Was this when it began?
 After a time I realized she was still researching long after the story was set aside. And then I received the letter from the Marine Corps. informing me that my 15 year old was inquiring about joining and that they weren't allowed to actively speak with her about being recruited until after she turned 17 or in January of her Junior year. She came to me and said she wanted to leave the school for the arts. It wasn't getting her to the future she wanted. She was heart broken to leave but at the same time her focus had shifted. She had a new plan.
And that is definitely when it began but at the same time it merely came full circle.

The Marine Corps. core values are: Honor, Courage and Commitment.
Their Motto: Semper Fidelis-Always Faithful.

She has had these traits since the day she was born.

In July of 2012 when she was 16 she couldn't take it anymore and begged me to take her to the Recruiting office. Technically they weren't supposed to talk to her but she only had a few weeks till she turned 17 and I was with her, so they did interview her. I wrote about that day HERE.

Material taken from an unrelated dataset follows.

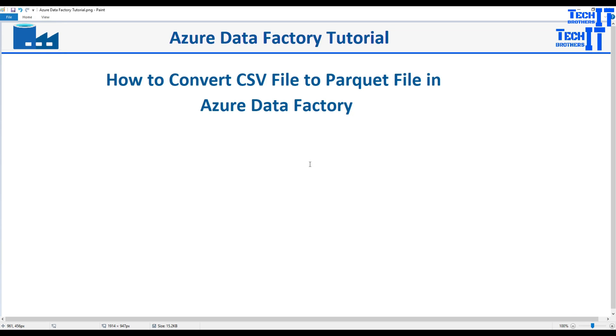Welcome to TechVisive with Amir. In this video we are going to learn how to convert a CSV file to the parquet file in Azure Data Factory.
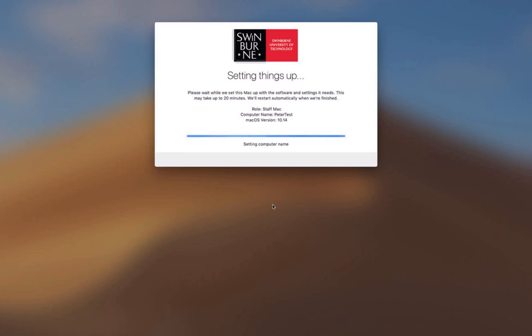It just takes a few moments to send that name to the JSS and then based on that name it's going to get the correct policies it needs. And that's it, the Mac is now installing the software it needs.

We told her we wouldn't sign the papers and she would have to wait till she turned 18 but after her 17th birthday in September 2012 she began to plague us. We made her wait six months until January of this year, just to be sure, but her commitment never wavered and we signed. After talking to her recruiter multiple times we decided that the Delayed Entry Program would be a plus, as she would have physical training and other benefits to better prepare her for boot camp. She made it through MEPS the Military Entrance Processing Station and initially swore in on January 31. Her original ship date was August of this year but has been delayed twice while they waited for an opening in her preferred job area. That has been extremely draining and stressful for all of us. Not knowing what was going to happen or when. And now? Now in 9 days the Marine Corps will pick up my baby girl and take her to a hotel. We will lose all contact at that moment. The next morning she will have a second trip to MEPS for a double check and then be put on a bus for Parris Island SC. When she arrives she will be allowed one scripted phone call to let us know she arrived safely. Unlike other military branches, which train for 8 weeks, the MC trains for 13 grueling weeks in which we will have no interaction with her other than hand written letters. I am going to miss her more than I can express and am so proud I can't express it either. As I mom I worry, but not as you might expect. I'm not worried about her career choice. I'm worried about her heart and her hopes and I want her dreams to come true. And...

There is a reason they are called "THE FEW."

I have no doubt she has everything it takes to make it, as do the recruiters and senior officers for her recruiting station. From her test scores and physical abilities she is considered a valuable recruit.
But things happen. Accidents, illness, myriad possibilities. With no glitches she will excel and achieve this goal she has nurtured for so very long. So I'm asking you this. Regardless of how you may feel about the choice she has made, if you pray please send up a prayer. If you cross your fingers cross them all tight, and if you wish, Wish Upon A Star : ) because she is one, and help this amazing young woman achieve her dream: To Earn the title of United States Marine.

 



For My Starlight: Because I do understand and I know, It's Time. Time To Begin.